The pain of paying

Recently, Dan Ariely, Professor of Psychology and Behavioural Economics at Duke University in the US, gave a great talk in London.

28 May 2014

by Viktoria Borsi

He is one of the “Most Influential New Names” according to Bloomberg, a regular contributor at Wired magazine and the author of such bestsellers as The Honest Truth About Dishonesty and Predictably Irrational: The Hidden Forces That Shape Our Decisions. For anyone interested in behavioural sciences, Dan Ariely’s books and essays are a must.

The pain of paying

Behavioural economist Dan Ariely sees underlying patterns in our irrational decisions

Some see his field of behavourial economics as being able to provide insights into how consumers make buying decisions and why they don’t behave in line with their stated brand or price preferences. “Our irrational behaviours are neither random nor senseless – they are systematic,” writes Ariely, who says we can become more aware of the patterns governing our decisions.

He started his talk with a simple question to get us in the right mindset: what is more painful, to pay with cash or a credit card? The audience’s answer was unanimous: cash. Behavioural economists call this the “pain of paying”; it feels “cheaper” to pay with the card because it’s not as tangible as paying by cash.

Now, imagine that you are going on a cruise to the Caribbean. How would you pay for it if you could choose? In advance or just after the trip has ended? The likely answer would be to pay just after you’ve arrived home from your trip, so you’re not paying for something in advance. But how would you feel about your cruise on the last day? Most likely, you wouldn’t be able to concentrate on enjoying it because you would only be thinking of the pending payment when you left the ship.

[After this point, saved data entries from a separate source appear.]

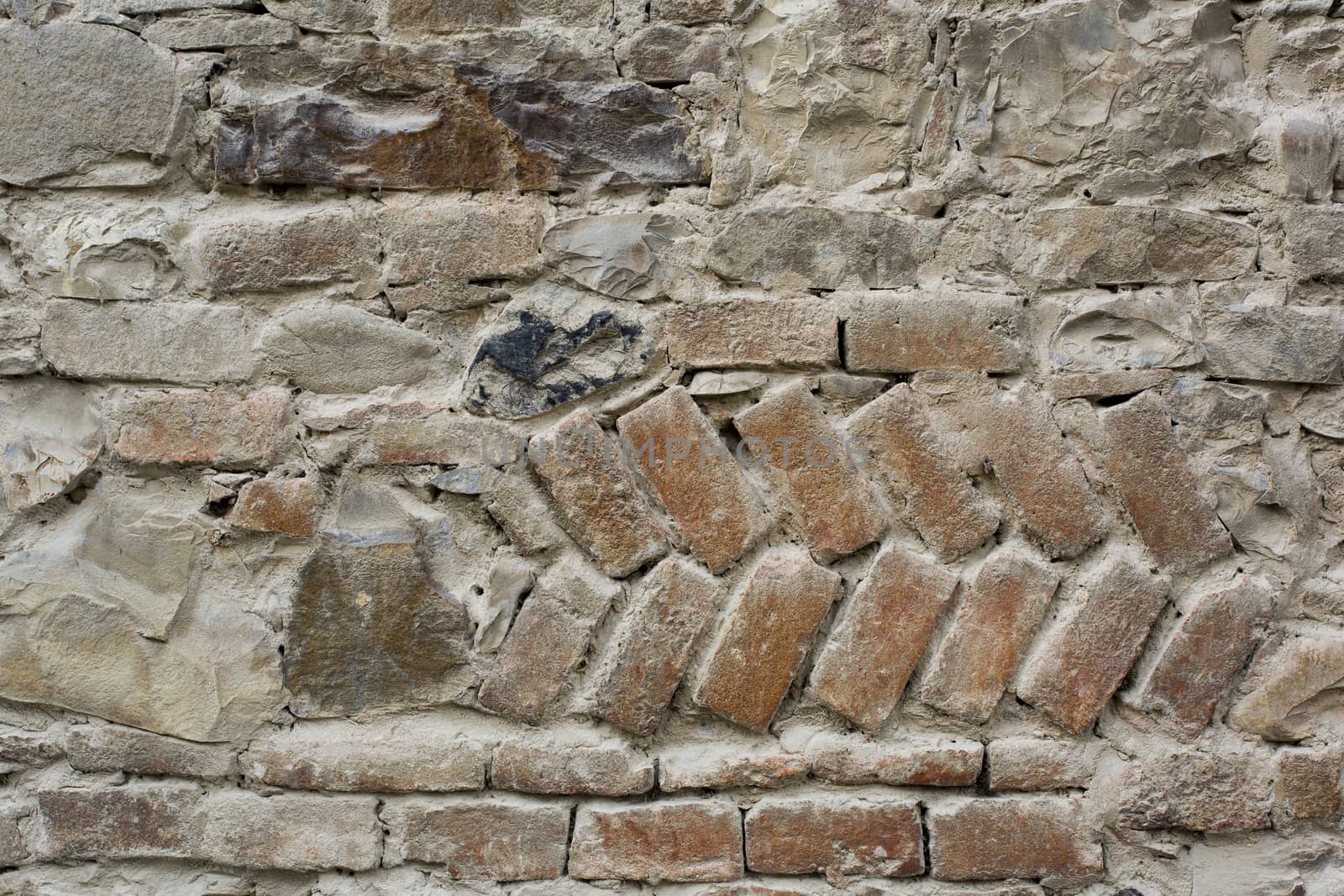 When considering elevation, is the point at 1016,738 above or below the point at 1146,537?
below

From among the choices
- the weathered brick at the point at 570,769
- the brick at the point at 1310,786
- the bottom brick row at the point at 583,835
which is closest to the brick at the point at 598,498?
the weathered brick at the point at 570,769

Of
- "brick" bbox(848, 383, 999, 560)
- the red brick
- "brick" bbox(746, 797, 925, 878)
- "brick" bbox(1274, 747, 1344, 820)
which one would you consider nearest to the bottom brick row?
"brick" bbox(746, 797, 925, 878)

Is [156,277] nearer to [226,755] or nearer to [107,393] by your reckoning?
[107,393]

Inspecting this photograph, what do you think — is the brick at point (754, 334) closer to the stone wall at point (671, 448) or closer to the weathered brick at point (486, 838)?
the stone wall at point (671, 448)

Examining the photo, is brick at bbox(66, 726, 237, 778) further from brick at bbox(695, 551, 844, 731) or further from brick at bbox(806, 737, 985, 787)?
brick at bbox(806, 737, 985, 787)

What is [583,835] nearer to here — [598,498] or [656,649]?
[656,649]

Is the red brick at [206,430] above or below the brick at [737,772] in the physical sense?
above

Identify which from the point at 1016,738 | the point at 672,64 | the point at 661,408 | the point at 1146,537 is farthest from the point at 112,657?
the point at 1146,537

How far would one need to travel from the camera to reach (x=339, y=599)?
1.26 meters

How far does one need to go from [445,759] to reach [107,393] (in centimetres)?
75

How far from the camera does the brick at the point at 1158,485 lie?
125 cm

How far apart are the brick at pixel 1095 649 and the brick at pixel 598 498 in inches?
23.5

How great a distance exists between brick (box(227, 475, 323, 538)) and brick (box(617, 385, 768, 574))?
48cm

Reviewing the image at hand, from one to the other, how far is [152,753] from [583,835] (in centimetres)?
66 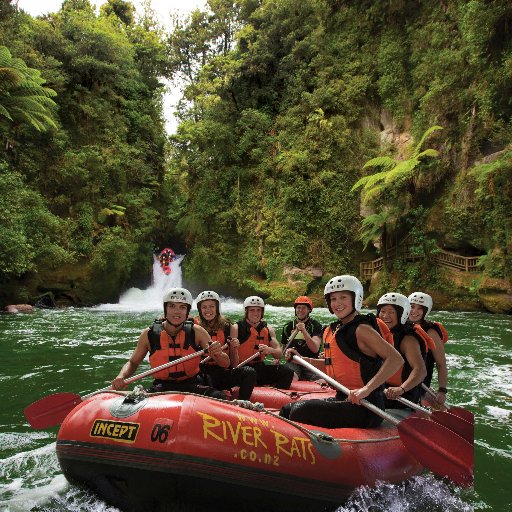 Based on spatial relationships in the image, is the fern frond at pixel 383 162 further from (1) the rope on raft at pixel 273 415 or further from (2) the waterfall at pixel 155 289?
(1) the rope on raft at pixel 273 415

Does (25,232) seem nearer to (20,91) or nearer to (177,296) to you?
(20,91)

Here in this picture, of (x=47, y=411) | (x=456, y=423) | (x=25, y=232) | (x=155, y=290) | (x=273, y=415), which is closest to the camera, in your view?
(x=273, y=415)

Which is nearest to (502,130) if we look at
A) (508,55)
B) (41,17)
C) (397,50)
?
(508,55)

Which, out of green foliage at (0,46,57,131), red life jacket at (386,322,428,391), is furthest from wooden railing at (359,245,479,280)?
green foliage at (0,46,57,131)

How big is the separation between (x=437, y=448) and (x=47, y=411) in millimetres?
2970

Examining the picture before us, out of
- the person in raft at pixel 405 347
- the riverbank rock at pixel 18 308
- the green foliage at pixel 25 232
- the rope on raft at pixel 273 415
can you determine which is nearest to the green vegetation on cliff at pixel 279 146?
the green foliage at pixel 25 232

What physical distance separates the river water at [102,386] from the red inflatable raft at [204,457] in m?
0.21

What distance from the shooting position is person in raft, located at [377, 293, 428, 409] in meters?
3.70

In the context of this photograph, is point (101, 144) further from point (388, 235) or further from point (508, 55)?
point (508, 55)

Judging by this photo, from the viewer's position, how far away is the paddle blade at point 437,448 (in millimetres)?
3059

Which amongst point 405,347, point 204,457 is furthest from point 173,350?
point 405,347

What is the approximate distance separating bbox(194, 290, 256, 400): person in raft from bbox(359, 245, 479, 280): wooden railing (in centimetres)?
1185

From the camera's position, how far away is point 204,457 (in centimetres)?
254

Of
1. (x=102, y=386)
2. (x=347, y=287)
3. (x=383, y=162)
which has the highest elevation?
(x=383, y=162) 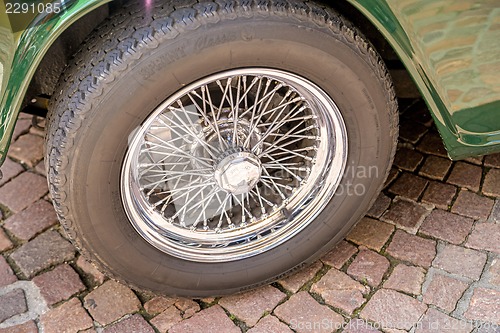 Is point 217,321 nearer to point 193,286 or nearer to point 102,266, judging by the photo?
point 193,286

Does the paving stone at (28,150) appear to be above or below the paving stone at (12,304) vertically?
above

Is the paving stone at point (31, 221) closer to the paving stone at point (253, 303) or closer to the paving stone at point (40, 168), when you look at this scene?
the paving stone at point (40, 168)

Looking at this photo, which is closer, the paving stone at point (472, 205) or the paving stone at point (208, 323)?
the paving stone at point (208, 323)

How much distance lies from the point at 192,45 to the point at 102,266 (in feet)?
3.03

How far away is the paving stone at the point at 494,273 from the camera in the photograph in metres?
2.63

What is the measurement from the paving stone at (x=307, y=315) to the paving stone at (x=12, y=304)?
3.60 feet

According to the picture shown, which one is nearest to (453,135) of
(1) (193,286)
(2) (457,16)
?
(2) (457,16)

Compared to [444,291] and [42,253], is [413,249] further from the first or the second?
[42,253]

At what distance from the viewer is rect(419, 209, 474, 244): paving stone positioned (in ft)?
9.32

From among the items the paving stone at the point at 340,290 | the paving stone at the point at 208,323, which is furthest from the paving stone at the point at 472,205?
the paving stone at the point at 208,323

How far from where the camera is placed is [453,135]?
243cm

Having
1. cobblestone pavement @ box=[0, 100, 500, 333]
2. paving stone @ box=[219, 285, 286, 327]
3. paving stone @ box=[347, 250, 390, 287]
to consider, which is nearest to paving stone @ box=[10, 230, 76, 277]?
cobblestone pavement @ box=[0, 100, 500, 333]

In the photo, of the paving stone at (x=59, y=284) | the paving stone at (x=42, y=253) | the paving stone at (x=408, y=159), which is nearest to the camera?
the paving stone at (x=59, y=284)

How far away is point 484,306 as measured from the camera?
2.54 metres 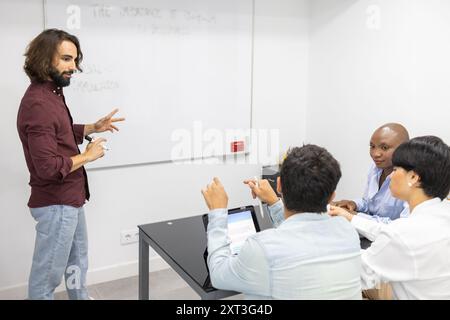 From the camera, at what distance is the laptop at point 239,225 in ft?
6.11

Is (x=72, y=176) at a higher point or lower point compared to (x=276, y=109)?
lower

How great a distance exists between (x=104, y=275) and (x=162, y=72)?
4.90 feet

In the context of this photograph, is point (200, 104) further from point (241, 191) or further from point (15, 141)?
point (15, 141)

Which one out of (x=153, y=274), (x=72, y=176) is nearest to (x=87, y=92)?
(x=72, y=176)

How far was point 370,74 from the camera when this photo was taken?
10.9ft

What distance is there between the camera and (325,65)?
371 centimetres

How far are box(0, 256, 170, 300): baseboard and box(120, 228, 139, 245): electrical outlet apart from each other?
0.17 metres

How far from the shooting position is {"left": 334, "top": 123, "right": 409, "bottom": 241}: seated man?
2.34m

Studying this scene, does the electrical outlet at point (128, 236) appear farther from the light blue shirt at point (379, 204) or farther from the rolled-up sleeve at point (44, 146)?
the light blue shirt at point (379, 204)

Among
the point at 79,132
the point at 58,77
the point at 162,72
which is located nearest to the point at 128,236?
the point at 79,132

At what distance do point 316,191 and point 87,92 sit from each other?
2.03 m

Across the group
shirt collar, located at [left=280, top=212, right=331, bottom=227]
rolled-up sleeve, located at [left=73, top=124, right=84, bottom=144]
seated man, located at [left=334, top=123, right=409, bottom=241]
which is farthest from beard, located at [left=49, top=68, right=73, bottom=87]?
seated man, located at [left=334, top=123, right=409, bottom=241]

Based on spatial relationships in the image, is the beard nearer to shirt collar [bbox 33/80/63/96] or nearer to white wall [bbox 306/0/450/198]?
shirt collar [bbox 33/80/63/96]

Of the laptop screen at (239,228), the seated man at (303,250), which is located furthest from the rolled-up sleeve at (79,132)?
the seated man at (303,250)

Therefore, a good exercise to increase the pain of paying and educate yourself to be a better, more self-aware consumer is to use cash and receive notification whenever money is spent. On the other hand, when you’d rather enjoy yourself and don’t want to think about paying, you should use your credit cards and ideally prepay before consumption.

This chimes with the findings of a study in the Journal of Marketing Research a few years ago about buying in a relaxed environment. Having shown hard-sell videos and more calming sales approaches to consumers, researchers at Columbia University found that their more relaxed subjects would pay about 15% more for a variety of goods and services than less-relaxed subjects.

Good customer engagement is all about creating that comfortable space between a brand and its customers. It’s about engaging with the consumer without dominating the conversation. As Ariely writes in Predictably Irrational: “Without constant suspicion, we can get more out of our exchanges with others while spending less time making sure that others will fulfil their promise to us.”